Top 10 Songs From The Call

The Call Songs

Our Top 10 Songs from The Call takes a look at band that was formed under the sunny skies of Santa Cruz, California  in 1980. The band would get their first big break when one of their songs was released in the motion picture The Lost Boys. Filmed on the boardwalk of Santa Cruz, the campy, highly successful, werewolves flick placed the song ‘I Still Believe’ by The Call in a  key scene in the movie. Interestingly, the saxophone part from the song was played shirtless by the Adonis-type saxophonist from Tina Turner’s band to make the song more memorable.

During the 1980’s, as other bands made tremendous leaps to glory, The Call fought tooth and nail to get out of college radio status. They made it, but not as some of their contemporaries. They were praised often by U2, Simple Minds and Peter Gabriel for carrying the rock mantle forward.

Michael Been, who died young at the age of 60 from a heart attack, was the front man, singer, and songwriter for the band. He wrote songs with tremendous soul and was not afraid to take on serious topics. Many of The Call’s songs are political.

When The Call added a keyboardist to their guitars and percussion, they soon achieved their first mainstream hit, ‘The Walls Came Down.’ There were some other hits to follow. They were able to play the blues, but knew how to stretch themselves with upbeat riffs and melodies.

The Call will probably be forever known as the underrated type. They did ballads, but with most of their songs, from the first note, you can sense it is rock at its basics and roll at its core.

# 10 – Turn a Blind Eye

It is Michael Been’s lyrics that sometimes grab the most attention. “To the desperate young, turn a blind eye; To the old and lonely, turn a blind eye” and later he writes…”I don’t want to get involved. It’s not my problem. I’ll just ignore it. I don’t want to feel this.” This is The Call at the earlier stages of their career, from the album Modern Romans. The title of the album kind of gives a clue as to how Michael Been was feeling towards the writing of the songs. He is speaking directly to the decadence and inhumanity he was seeing around him during the 80’s.

# 9 – Even Now

From the 1986 album, Reconciled, ‘Even Now’ shows how The Call could combine lyrics, beats, guitar chord changes, a guitar solo and a good melody to make a simple song that takes us on an interesting journey of music. The most impressive aspect of ‘Even Now’ is how it is not being forced on us, it’s more of an invitation to a sound and style.
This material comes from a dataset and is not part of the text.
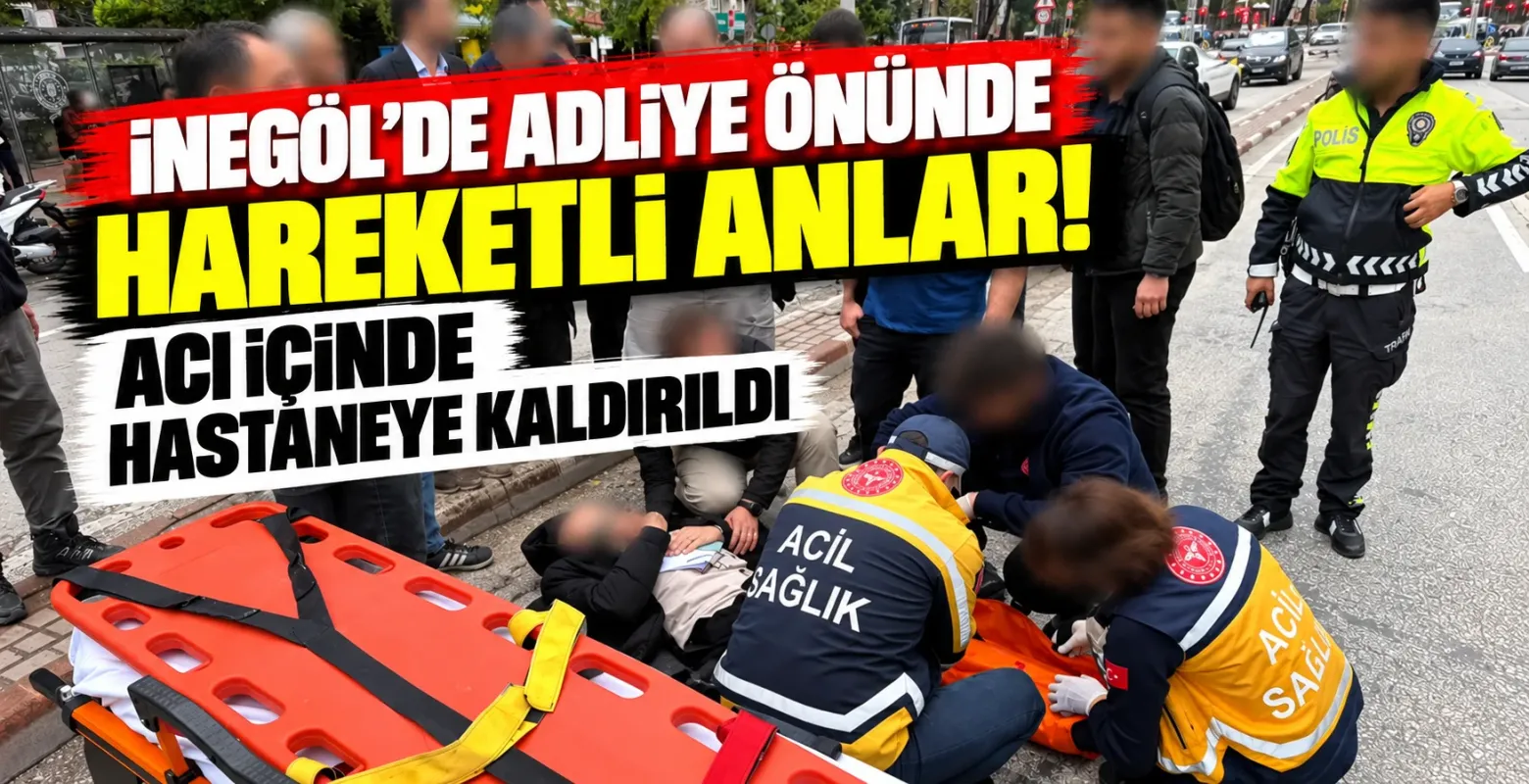 İnegöl’de adliye önünde hareketli anlar! Acı içinde hastaneye kaldırıldı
# 8 – What’s Happened to You

This was the last mainstream hit from the band from the 1990 album, Red Moon. The song seems reminiscent of a band coming to terms with their fleeting flame and the battle for their art form. It is a beautiful song that we might hear in church. There is a dominating chorus of “La la la, lada la, la.” The Call was not afraid to get spiritual with their music. This song shows their strength with being comfortable with who they were, and to make music that appeals to the many.

# 7 – Oklahoma

Michael Been and another member of the band, drummer, Scott Musick, were originally from Oklahoma. They must have been familiar with tornados, as a tornado takes central stage in the song as a metaphor for feelings. The song from Reconciled made it to the final 10 to be voted on for the official state song of Oklahoma. The beginning lyric, “Another hot Oklahoma night” takes the song right into a weather trip of emotions.

# 6 – You Run

From the album Let the Day Begin, “You Run” is a beautiful song that accentuates how good Michael Been was as a singer. He wasn’t afraid to be use his voice as an extension of how he was as a regular guy. He was a musician first, and when his time with The Call was finished, he continued to work as a producer for his son’s band, The Black Rebel Motorcycle Club.

# 5 – Everywhere I Go

Right from the beginning of the song, you can tell this song is catchy. ‘Everywhere I Go’ from Reconciled has a symbiotic beat and the guys really back up Been with their hearts and voices in the chorus. The song just keeps moving, until the guys come back around, and then Been shouts his passions and times the guitar licks. This song clearly shows how the band knew how to make good music. Been is whispering his lyrics, and building us back up again with his shouts that match the beats.

# 4 – I Still Believe

The featured song from The Lost Boys 80’s movie, also from Reconciled, is strong and forceful. The Call is highlighting the art form of music enhanced by slow, steady, then fast, faster, and a keyboard riff. The repeat of slow to fast, so melodic, with such distinctive lyrics gives us purpose for listening. We are getting the message slow and hard. And, Michael Been keeps singing elegantly. The beat stays alive accompanied by the howls of Michael and a keyboard fix. “For people like us, in places like this, we need all the hope that we can get. I still believe.”

# 3 – I Don’t Wanna

With a keyboard entry like few other songs, Been gives us his take on how he sees things. We understand his feelings because he shakes us so hard with his guitar. This was their only mainstream hit from the Into the Woods album of 1987. This song rocks hard, and gets to very high notes on the guitars and keyboard. The lyrics match the intensity of the song, and so does Michael Been’s voice.

# 2- The Walls Came Down

This was The Call’s first big hit. It’s from the Modern Romans album. They had made progress as a band to their second album without losing any of their intensity for giving their opinions on hot-button political issues. ‘War Weary World’ was the very first song from their self-titled debut album, and ’The Walls Came Down’ picks up right away where they left off. The ending chorus is the perfectly unisoned “nah nah nah nah yah ya.” It is a prognostication for what was to come in 1989 in Germany.

# 1 – Let the Day Begin

The Call’s only number one song from their same titled Let the Day Begin of 1989 shows the band’s optimism in a similar vein to ‘I Still Believe.’ It was so much a source of inspiration that it was chosen as Al Gore’s theme song as he traversed the country to try and win the presidential election of 2000. The pacing of the song stays throughout. It is a tribute song that rocks with steadiness and reassurance. The band stayed true to who they were throughout their career. They were realists in how they saw things and optimists at times in their attempts to message their music to their fans.